┌─ PROVIDED INFORMATION

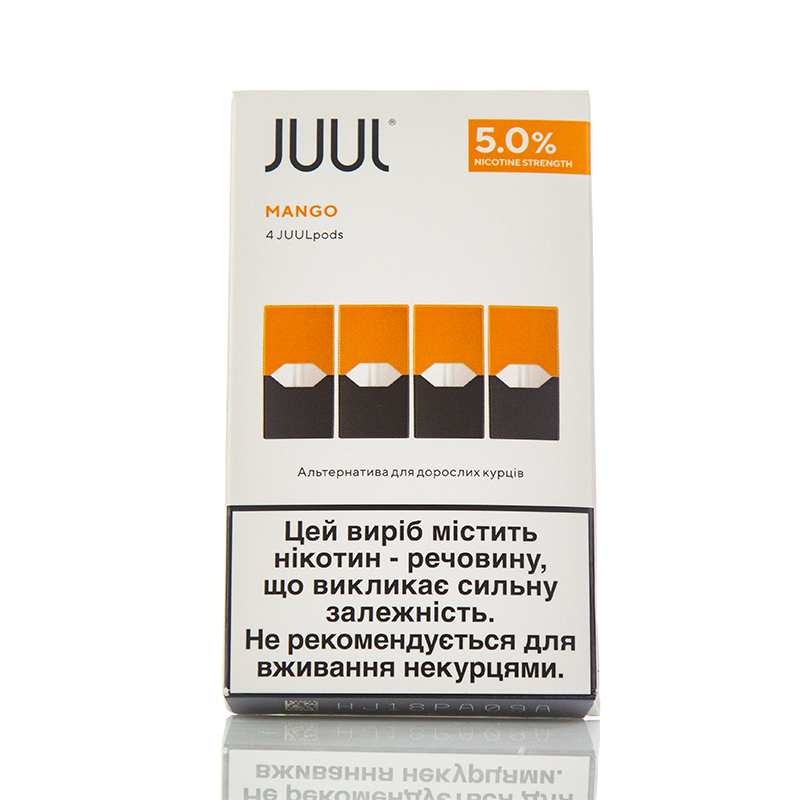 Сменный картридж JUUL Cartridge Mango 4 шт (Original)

└─
┌─ PROVIDED INFORMATION

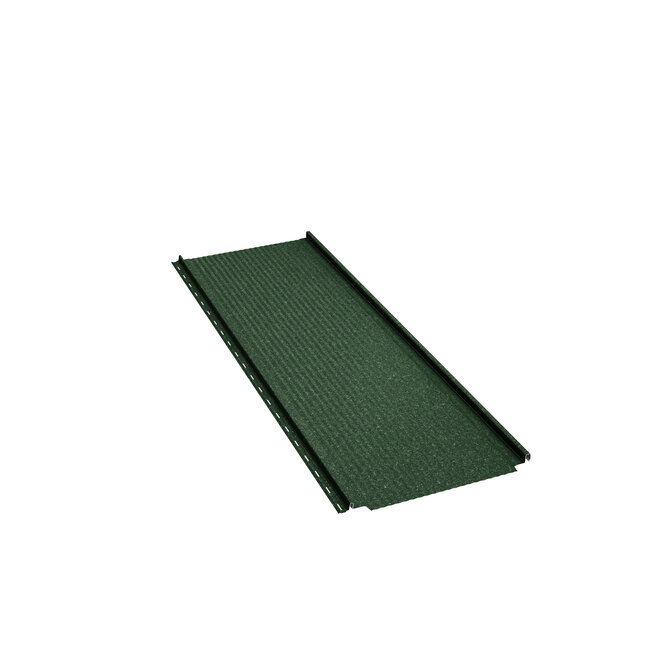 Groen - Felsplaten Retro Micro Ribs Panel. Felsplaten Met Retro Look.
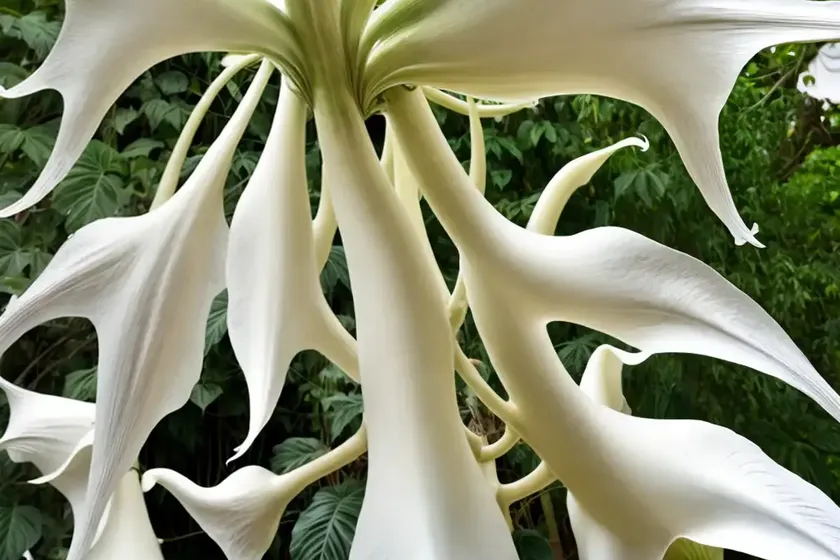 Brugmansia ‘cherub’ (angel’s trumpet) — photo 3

└─

When copying from the data above, begin at the line containing "Groen - Felsplaten" and end at the line containing "Brugmansia ‘cherub’ (angel’s"; return those lines exactly and leave all pictures behind.

EXERCISE RESULT >>
 Groen - Felsplaten Retro Micro Ribs Panel. Felsplaten Met Retro Look.
 Brugmansia ‘cherub’ (angel’s trumpet) — photo 3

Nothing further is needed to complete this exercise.